Do not get too personal
You need to maintain a distance at the first time. You can’t ask personal questions that might hit a nerve. No one likes to reveal themselves too easily in front of someone else. So keep a distance and keep the conversation flowing over general topics that are easy to talk about. Avoid unnecessary and uncomfortable pauses.
Do not talk about your exes
It’s a plain fact – you will have had a couple of exes in your life as will your date, but your first date is no time or place to talk about them. Keep talk of the exes for a later time when you know each other well enough. Till then, talk about each other and get to know the person better.
Do not talk a lot about the future
Enjoy the present, the moment, the now. There is no point in boring someone you have just met with talk of the future and your future hopes to an extent that they don’t want to see you again. Refer briefly to your dreams, yes. But not too much in detail. No one wants to know everything right at the first shot.
Do not delve on the past
The past is done with. Your new date will not want to hear all about in the first date, they may be open to hearing some of it. But that’s where you need to know where to draw the line. Don’t keep talking about the pain, your life, your childhood to an extent that bores your date. You need to keep things interesting and simple after all.

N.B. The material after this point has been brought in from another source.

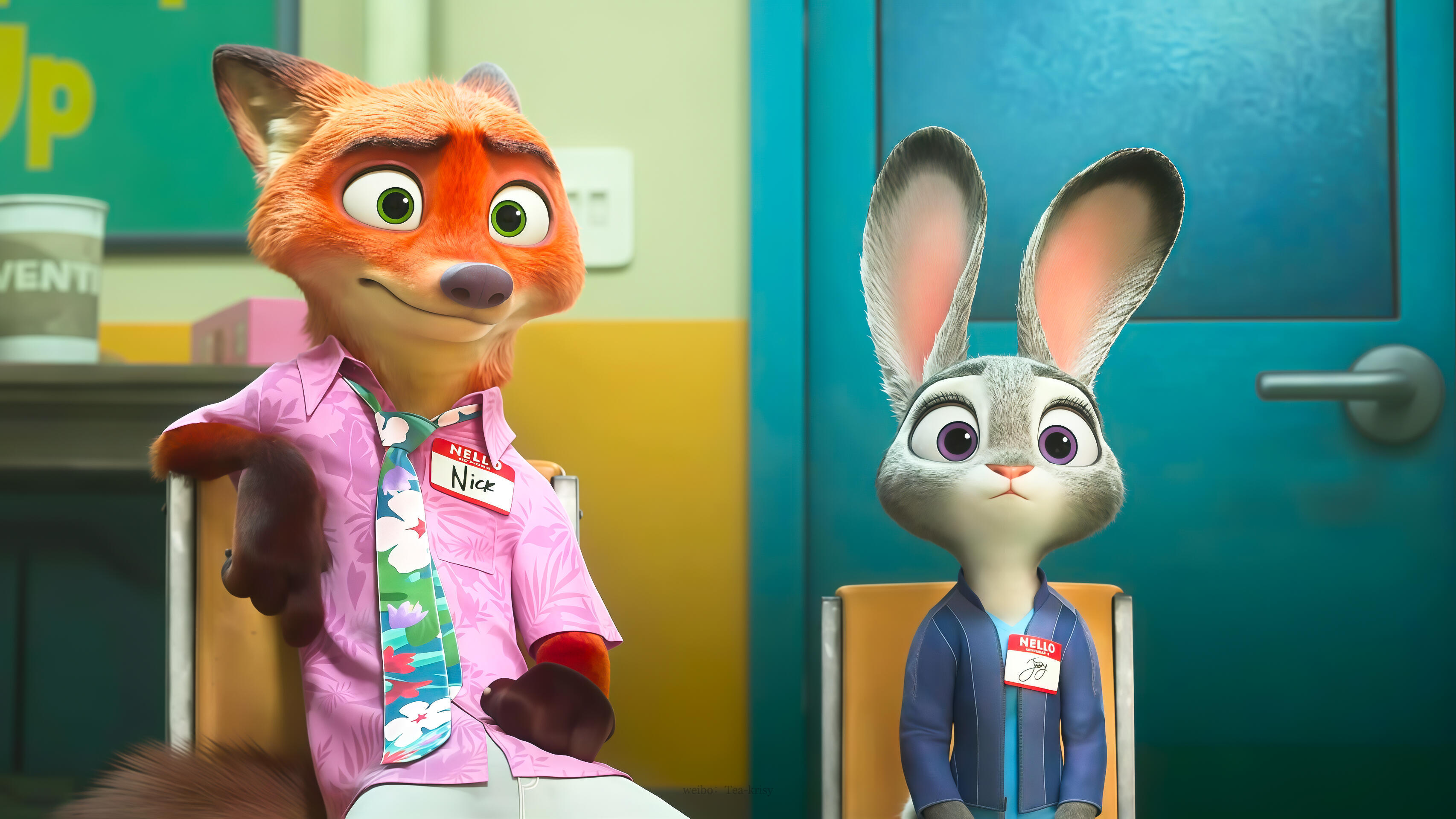 春日企画壁纸 疯狂动物城壁纸“如果没有人勇敢地去做正确的事 世界永 远不会变得更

Do not order too much to eat
Although a traditional date is one wherein people go to a fancy restaurant to eat, drink and chat…it doesn’t mean that you go all out and order everything that sounds good. Order just enough for yourself, if you have been to the place before then suggest a few delicious dishes to your date so it can help them pick a good one. Never order for your date on the first date itself. Order for them later on if you’d like to on the 5th or 6th date.
Do not argue over a sensitive issue
If your conversation happens to turn towards a political debate or religious topics, if you are sensitive about a certain issue and your date has contrary views, its never wise to start arguing or debating heavily on your views. This will make your date wait eagerly for the date to end. Be neutral when you discuss things the first time during the first date and as you get to know the person better you can then have healthy debates if at all.
Do not make on the spot promises
A lot time people make empty claims and promises about calling again in the first date itself and land up never calling. If you mean it, say it only then. Otherwise, drop a few hints and bail it without giving anyone hopes.